(Short text fragments from websites)
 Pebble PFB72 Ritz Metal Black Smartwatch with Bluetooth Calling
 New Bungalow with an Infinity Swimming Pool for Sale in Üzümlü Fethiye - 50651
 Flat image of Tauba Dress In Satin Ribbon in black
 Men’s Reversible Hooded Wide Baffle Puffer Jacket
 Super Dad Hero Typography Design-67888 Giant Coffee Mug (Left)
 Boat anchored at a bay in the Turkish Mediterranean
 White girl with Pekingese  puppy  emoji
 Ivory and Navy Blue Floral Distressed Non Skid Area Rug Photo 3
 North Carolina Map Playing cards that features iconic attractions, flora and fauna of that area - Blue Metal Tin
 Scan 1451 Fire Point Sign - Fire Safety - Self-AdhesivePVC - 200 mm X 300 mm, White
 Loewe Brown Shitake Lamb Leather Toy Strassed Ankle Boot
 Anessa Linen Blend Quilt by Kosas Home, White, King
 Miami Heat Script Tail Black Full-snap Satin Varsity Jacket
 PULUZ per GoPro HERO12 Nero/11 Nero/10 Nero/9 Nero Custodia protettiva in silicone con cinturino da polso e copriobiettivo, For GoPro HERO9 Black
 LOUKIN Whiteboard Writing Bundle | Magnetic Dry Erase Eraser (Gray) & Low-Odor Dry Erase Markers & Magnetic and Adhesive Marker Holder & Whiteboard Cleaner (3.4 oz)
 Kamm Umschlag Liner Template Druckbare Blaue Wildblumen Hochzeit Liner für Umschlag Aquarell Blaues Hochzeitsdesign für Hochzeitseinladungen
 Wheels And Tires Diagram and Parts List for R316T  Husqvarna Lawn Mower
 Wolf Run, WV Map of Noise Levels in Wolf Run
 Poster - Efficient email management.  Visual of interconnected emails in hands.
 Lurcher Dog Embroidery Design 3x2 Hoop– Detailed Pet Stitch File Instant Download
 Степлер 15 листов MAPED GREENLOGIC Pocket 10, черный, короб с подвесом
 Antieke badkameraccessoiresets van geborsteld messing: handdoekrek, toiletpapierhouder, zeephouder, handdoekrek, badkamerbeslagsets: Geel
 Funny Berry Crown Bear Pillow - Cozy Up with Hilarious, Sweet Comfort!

Your objective:
Filter the data for the string "Satin" and copy every line that has it.

Result of the task:
 Flat image of Tauba Dress In Satin Ribbon in black
 Miami Heat Script Tail Black Full-snap Satin Varsity Jacket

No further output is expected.